23.契約の儀式②
その後、水の精霊、土の精霊と試してはみたものの、結果は全て同じであった。
必ずしもそうとは限らないが。片倉慎十郎だった時分におこなった契約が、今世においても継続しているという事なのだろうか。
兎に角エリスが言うには、いくら初めてであっても、ここまで精霊の出現自体しないというのは普通あり得ない事らしい。
精霊との契約が、召喚者の持つユニークスキルと同じような理屈のものだとしたら、それらは魂自体に刻まれるとでも言うのだろうか。
僕としては、当然そうであって欲しいと思う。ドレミの話していた言葉の意味が、良い方である事を信じたいところだ。
あとは、それをどう証明するのかであるが。その方法として最も確実なのは、実際に魔法が発動するのかを試してみる事である。
エリスも同意見だった事もあり、僕たちは屋外で魔法の試しうちをするため、一旦部屋を出て館の敷地内にある広場へと向かった。
移動の途中、僕の心は落ち着かなかった。エリスは、あんな風に言っていたものの、単純に僕がイレギュラーすぎる存在であるだけなのかもしれない。
自ら確認する方法を提示しておいて、実際に試した結果「やっぱり魔法は使えませんでした」なんて事にでもなったら、恥ずかしすぎて頭が真っ白になってしまいそうだ。

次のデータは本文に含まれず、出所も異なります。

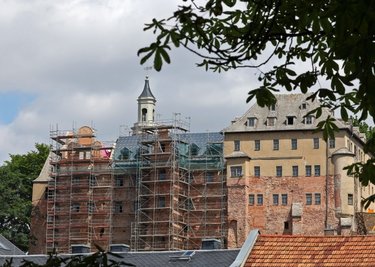 Noch stehen Baugerüste am Schloss Lichtenstein. Doch inzwischen sind erste Ergebnisse der Restauration und Rekonstruktion weithin sichtbar.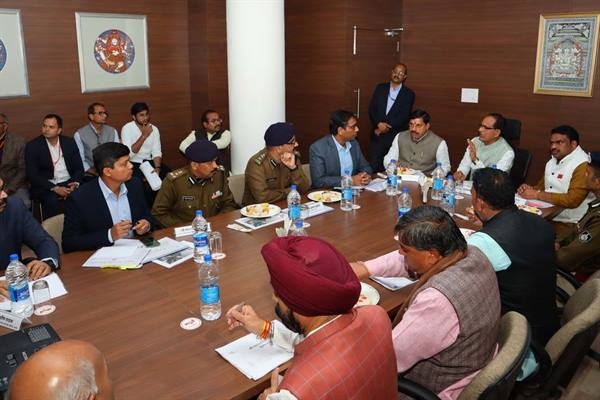 Give a divine look to the inner premises of Mahakaleshwar Temple: CM Chouhan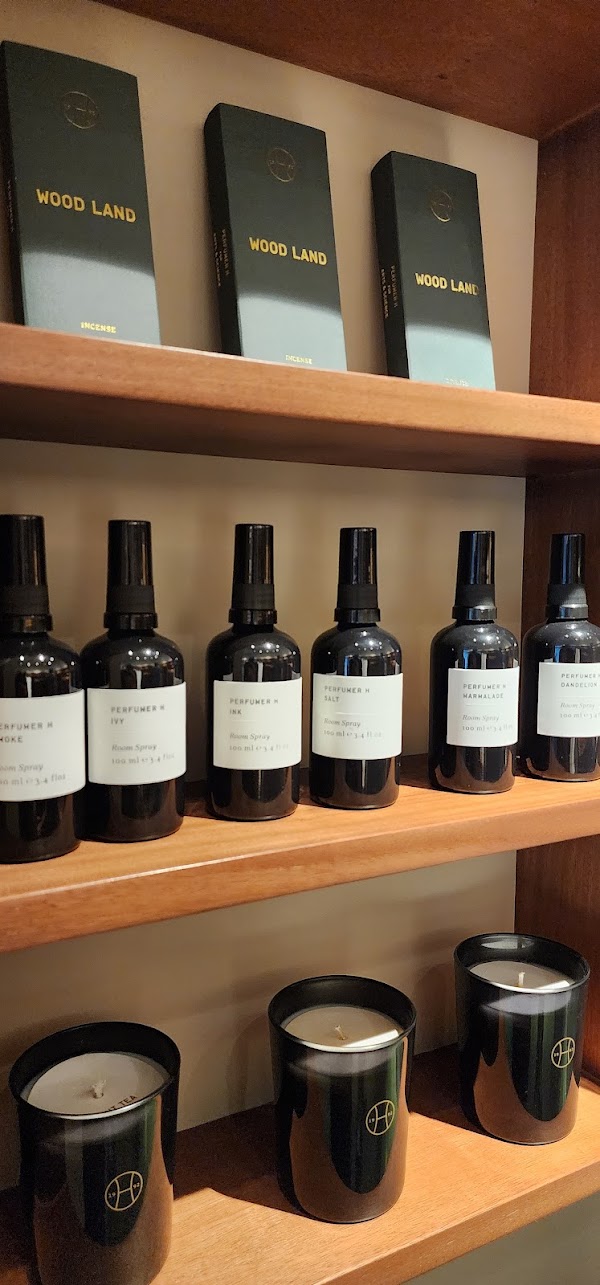 Perfumer H 4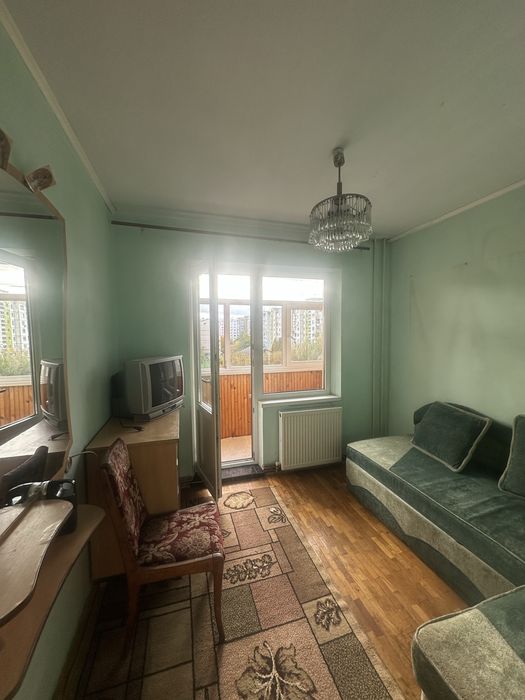 Продаж 3к квартири з індивідуальним опаленням біля Велесу.Зручний пов.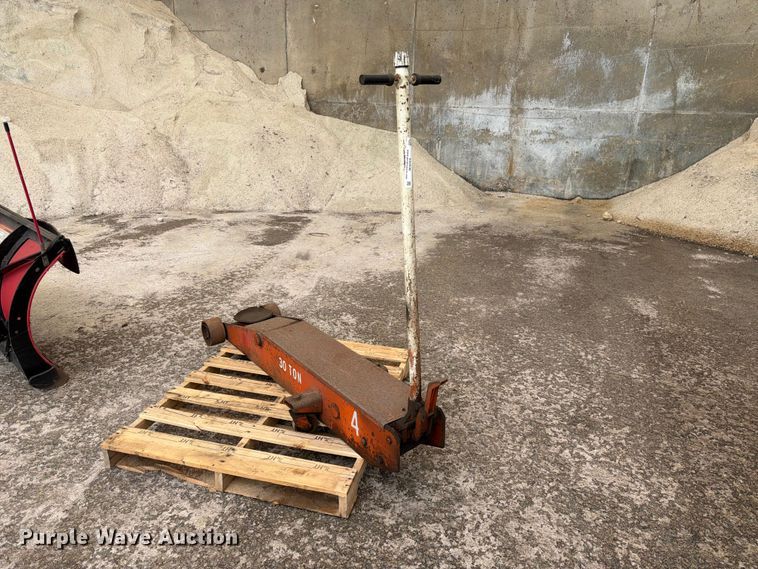 image for item EX5538 Floor jack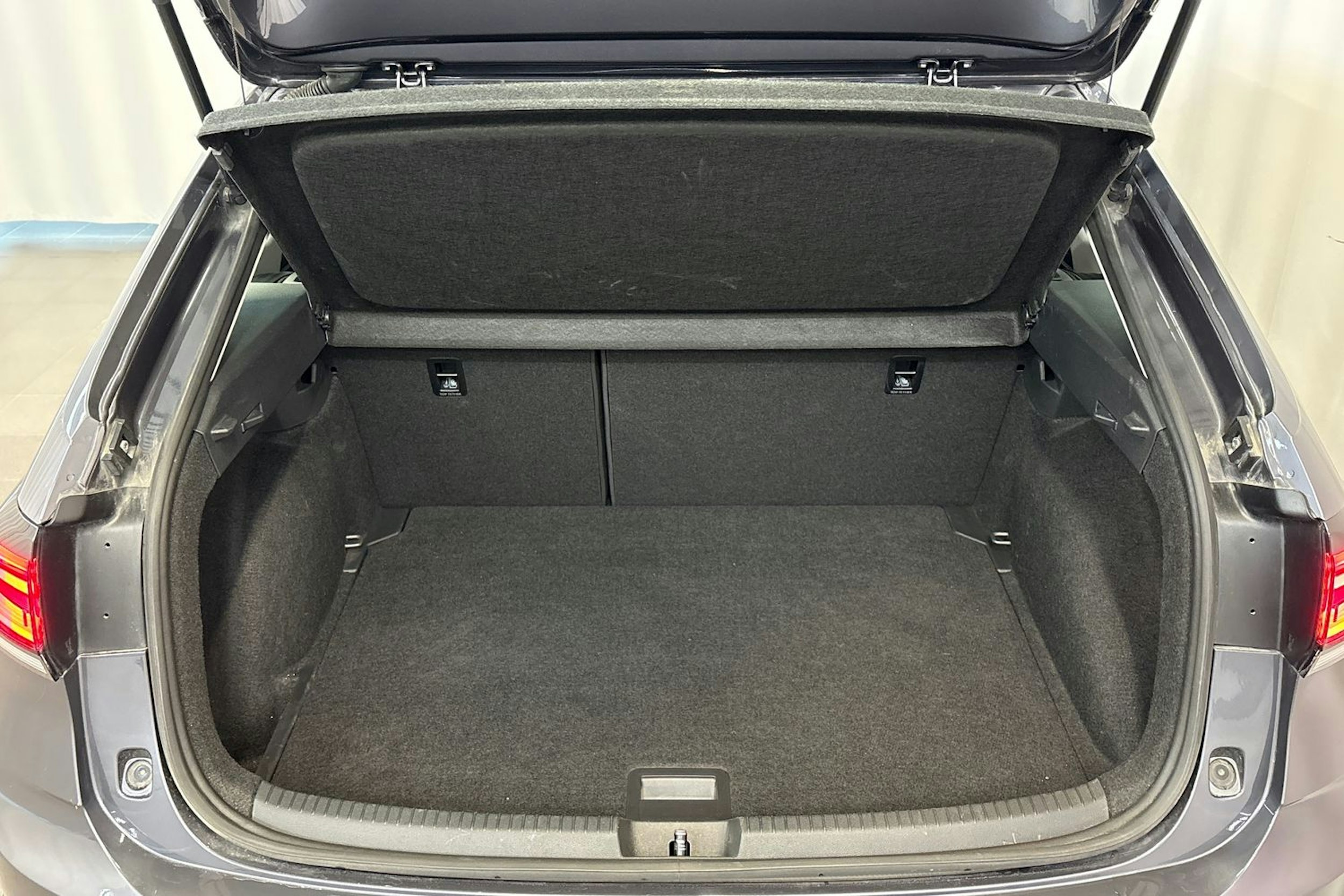 harmaa Volkswagen Taigo 2022 kuva 16.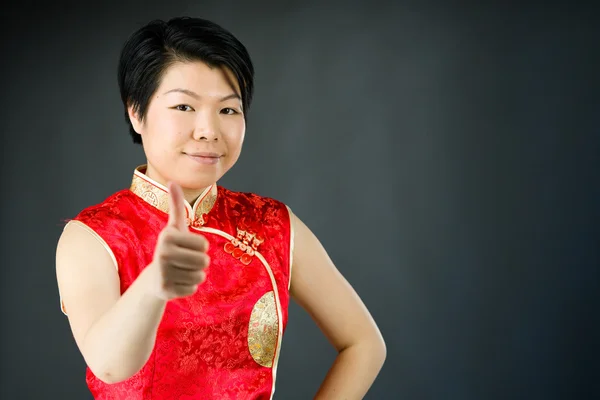 Vrouw gebaren duim omhoog teken — Stockfoto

僕の記憶の中に、確かに片倉慎十郎という人物の人生を送ったという記憶はある。アムが言っていたユニークスキルの件も、それを裏付けるものだ。
しかし、エリスとの記憶が全くない以上、僕はその事を確実視する自信が持てないでいた。
僕を広場に連れ出したエリスは、辺りを見回しながら少し悩んでいる様子だった。
恐らくは、試すといってもどんな魔法を使って良いものかと考えているのだろう。
そこまで悩むほどの事はないと思うが、彼女なりにいろいろな想いがあるのかもしれない。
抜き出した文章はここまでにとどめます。